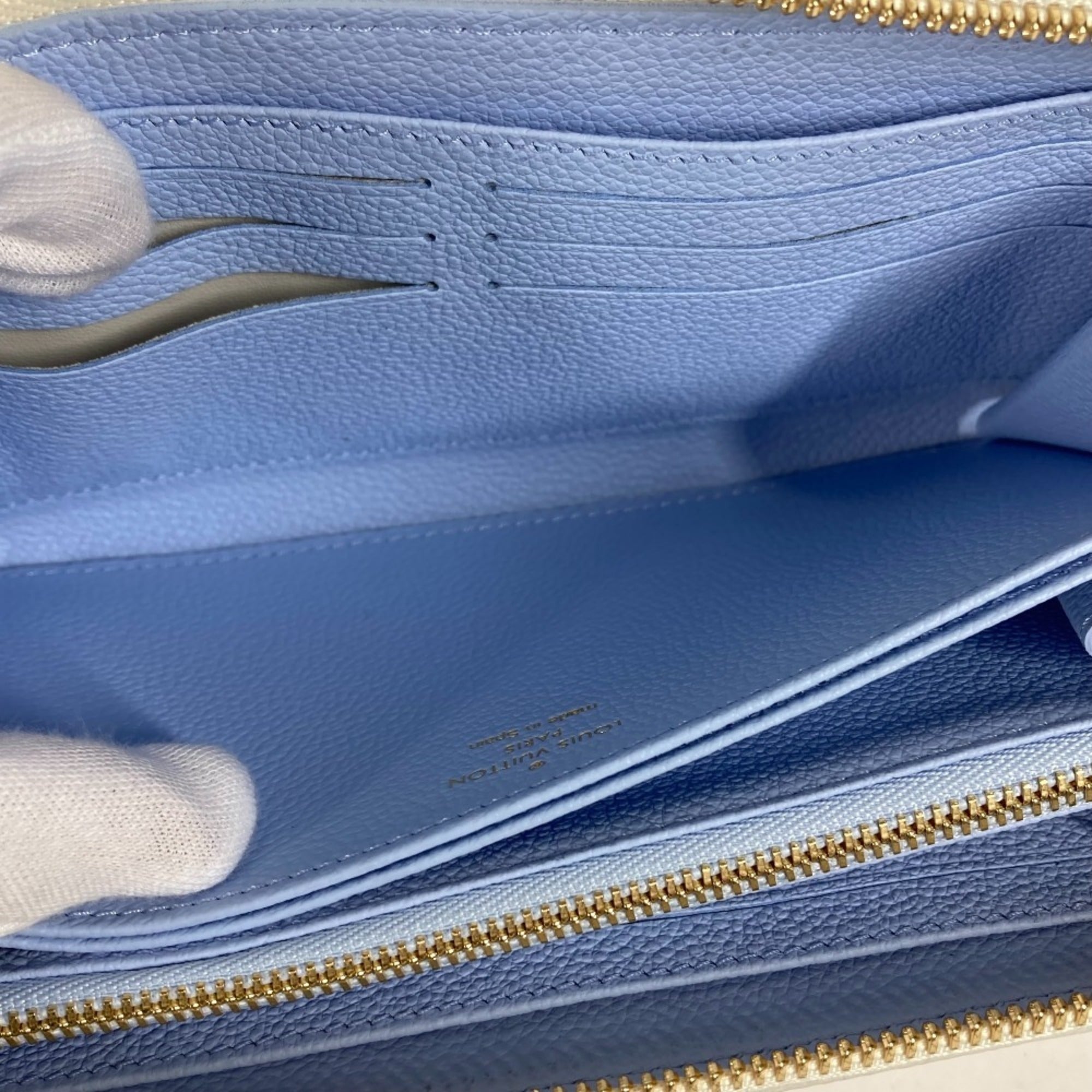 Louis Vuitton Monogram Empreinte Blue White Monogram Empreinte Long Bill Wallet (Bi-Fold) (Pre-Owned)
==
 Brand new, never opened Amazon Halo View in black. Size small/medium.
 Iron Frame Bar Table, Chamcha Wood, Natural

ASSIGNMENT: Go through the material above and output exactly the lines from the one containing "Brand new, never" through the one containing "Iron Frame Bar Table, Chamcha Wood, Natural".

ANSWER BELOW:
 Brand new, never opened Amazon Halo View in black. Size small/medium.
 Iron Frame Bar Table, Chamcha Wood, Natural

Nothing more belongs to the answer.